» **The task**: Reproduce every line that appears below, precisely and completely.

» **Stored items from a collection**:

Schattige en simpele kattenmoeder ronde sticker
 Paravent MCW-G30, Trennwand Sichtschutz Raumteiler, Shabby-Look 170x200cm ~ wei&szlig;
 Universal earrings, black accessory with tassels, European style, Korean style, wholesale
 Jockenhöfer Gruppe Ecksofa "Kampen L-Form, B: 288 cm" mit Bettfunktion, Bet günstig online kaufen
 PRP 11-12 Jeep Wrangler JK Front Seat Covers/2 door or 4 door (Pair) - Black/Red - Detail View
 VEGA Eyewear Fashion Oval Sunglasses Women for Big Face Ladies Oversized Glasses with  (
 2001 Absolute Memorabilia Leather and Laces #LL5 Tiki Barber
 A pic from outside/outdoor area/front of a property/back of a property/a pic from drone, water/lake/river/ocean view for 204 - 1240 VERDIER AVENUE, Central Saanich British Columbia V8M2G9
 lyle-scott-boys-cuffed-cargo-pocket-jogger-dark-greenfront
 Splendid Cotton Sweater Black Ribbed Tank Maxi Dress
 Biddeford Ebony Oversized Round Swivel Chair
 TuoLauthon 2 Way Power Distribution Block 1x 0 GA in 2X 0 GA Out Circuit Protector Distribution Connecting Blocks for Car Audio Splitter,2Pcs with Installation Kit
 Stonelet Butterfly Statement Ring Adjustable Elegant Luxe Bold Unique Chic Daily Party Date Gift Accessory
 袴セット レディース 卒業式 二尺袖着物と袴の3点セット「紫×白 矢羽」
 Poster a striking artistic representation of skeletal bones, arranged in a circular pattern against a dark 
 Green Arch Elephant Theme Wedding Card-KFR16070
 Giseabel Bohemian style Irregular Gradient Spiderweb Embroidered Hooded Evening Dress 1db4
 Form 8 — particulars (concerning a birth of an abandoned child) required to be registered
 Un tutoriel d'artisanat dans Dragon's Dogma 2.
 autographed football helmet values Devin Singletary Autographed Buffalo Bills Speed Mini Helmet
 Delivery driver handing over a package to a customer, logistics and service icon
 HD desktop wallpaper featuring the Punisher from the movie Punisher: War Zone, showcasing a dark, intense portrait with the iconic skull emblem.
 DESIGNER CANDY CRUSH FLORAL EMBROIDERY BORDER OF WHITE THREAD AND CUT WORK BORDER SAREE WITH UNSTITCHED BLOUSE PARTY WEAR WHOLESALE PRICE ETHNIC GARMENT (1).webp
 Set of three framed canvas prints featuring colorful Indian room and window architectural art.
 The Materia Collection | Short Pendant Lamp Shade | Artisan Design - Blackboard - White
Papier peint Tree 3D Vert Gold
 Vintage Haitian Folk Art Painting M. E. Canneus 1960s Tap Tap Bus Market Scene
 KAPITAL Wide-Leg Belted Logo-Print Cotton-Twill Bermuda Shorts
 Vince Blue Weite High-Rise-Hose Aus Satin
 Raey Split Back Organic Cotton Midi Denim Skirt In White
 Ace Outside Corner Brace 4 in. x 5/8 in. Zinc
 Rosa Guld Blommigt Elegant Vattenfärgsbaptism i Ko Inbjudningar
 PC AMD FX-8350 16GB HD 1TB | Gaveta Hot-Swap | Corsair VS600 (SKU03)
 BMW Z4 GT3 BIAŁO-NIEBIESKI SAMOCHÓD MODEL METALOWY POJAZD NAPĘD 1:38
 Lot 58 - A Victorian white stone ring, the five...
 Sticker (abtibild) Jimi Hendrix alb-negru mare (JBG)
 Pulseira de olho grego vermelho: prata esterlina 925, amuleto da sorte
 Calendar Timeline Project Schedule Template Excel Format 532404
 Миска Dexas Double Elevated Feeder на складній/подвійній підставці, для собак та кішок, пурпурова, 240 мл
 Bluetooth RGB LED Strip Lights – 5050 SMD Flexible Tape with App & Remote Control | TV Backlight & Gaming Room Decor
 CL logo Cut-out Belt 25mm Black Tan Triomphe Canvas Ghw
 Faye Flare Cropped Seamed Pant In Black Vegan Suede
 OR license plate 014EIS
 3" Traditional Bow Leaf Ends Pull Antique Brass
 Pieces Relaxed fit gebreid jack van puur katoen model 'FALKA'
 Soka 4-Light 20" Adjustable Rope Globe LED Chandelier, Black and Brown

» **Exercise solution**:
Schattige en simpele kattenmoeder ronde sticker
 Paravent MCW-G30, Trennwand Sichtschutz Raumteiler, Shabby-Look 170x200cm ~ wei&szlig;
 Universal earrings, black accessory with tassels, European style, Korean style, wholesale
 Jockenhöfer Gruppe Ecksofa "Kampen L-Form, B: 288 cm" mit Bettfunktion, Bet günstig online kaufen
 PRP 11-12 Jeep Wrangler JK Front Seat Covers/2 door or 4 door (Pair) - Black/Red - Detail View
 VEGA Eyewear Fashion Oval Sunglasses Women for Big Face Ladies Oversized Glasses with  (
 2001 Absolute Memorabilia Leather and Laces #LL5 Tiki Barber
 A pic from outside/outdoor area/front of a property/back of a property/a pic from drone, water/lake/river/ocean view for 204 - 1240 VERDIER AVENUE, Central Saanich British Columbia V8M2G9
 lyle-scott-boys-cuffed-cargo-pocket-jogger-dark-greenfront
 Splendid Cotton Sweater Black Ribbed Tank Maxi Dress
 Biddeford Ebony Oversized Round Swivel Chair
 TuoLauthon 2 Way Power Distribution Block 1x 0 GA in 2X 0 GA Out Circuit Protector Distribution Connecting Blocks for Car Audio Splitter,2Pcs with Installation Kit
 Stonelet Butterfly Statement Ring Adjustable Elegant Luxe Bold Unique Chic Daily Party Date Gift Accessory
 袴セット レディース 卒業式 二尺袖着物と袴の3点セット「紫×白 矢羽」
 Poster a striking artistic representation of skeletal bones, arranged in a circular pattern against a dark 
 Green Arch Elephant Theme Wedding Card-KFR16070
 Giseabel Bohemian style Irregular Gradient Spiderweb Embroidered Hooded Evening Dress 1db4
 Form 8 — particulars (concerning a birth of an abandoned child) required to be registered
 Un tutoriel d'artisanat dans Dragon's Dogma 2.
 autographed football helmet values Devin Singletary Autographed Buffalo Bills Speed Mini Helmet
 Delivery driver handing over a package to a customer, logistics and service icon
 HD desktop wallpaper featuring the Punisher from the movie Punisher: War Zone, showcasing a dark, intense portrait with the iconic skull emblem.
 DESIGNER CANDY CRUSH FLORAL EMBROIDERY BORDER OF WHITE THREAD AND CUT WORK BORDER SAREE WITH UNSTITCHED BLOUSE PARTY WEAR WHOLESALE PRICE ETHNIC GARMENT (1).webp
 Set of three framed canvas prints featuring colorful Indian room and window architectural art.
 The Materia Collection | Short Pendant Lamp Shade | Artisan Design - Blackboard - White
Papier peint Tree 3D Vert Gold
 Vintage Haitian Folk Art Painting M. E. Canneus 1960s Tap Tap Bus Market Scene
 KAPITAL Wide-Leg Belted Logo-Print Cotton-Twill Bermuda Shorts
 Vince Blue Weite High-Rise-Hose Aus Satin
 Raey Split Back Organic Cotton Midi Denim Skirt In White
 Ace Outside Corner Brace 4 in. x 5/8 in. Zinc
 Rosa Guld Blommigt Elegant Vattenfärgsbaptism i Ko Inbjudningar
 PC AMD FX-8350 16GB HD 1TB | Gaveta Hot-Swap | Corsair VS600 (SKU03)
 BMW Z4 GT3 BIAŁO-NIEBIESKI SAMOCHÓD MODEL METALOWY POJAZD NAPĘD 1:38
 Lot 58 - A Victorian white stone ring, the five...
 Sticker (abtibild) Jimi Hendrix alb-negru mare (JBG)
 Pulseira de olho grego vermelho: prata esterlina 925, amuleto da sorte
 Calendar Timeline Project Schedule Template Excel Format 532404
 Миска Dexas Double Elevated Feeder на складній/подвійній підставці, для собак та кішок, пурпурова, 240 мл
 Bluetooth RGB LED Strip Lights – 5050 SMD Flexible Tape with App & Remote Control | TV Backlight & Gaming Room Decor
 CL logo Cut-out Belt 25mm Black Tan Triomphe Canvas Ghw
 Faye Flare Cropped Seamed Pant In Black Vegan Suede
 OR license plate 014EIS
 3" Traditional Bow Leaf Ends Pull Antique Brass
 Pieces Relaxed fit gebreid jack van puur katoen model 'FALKA'
 Soka 4-Light 20" Adjustable Rope Globe LED Chandelier, Black and Brown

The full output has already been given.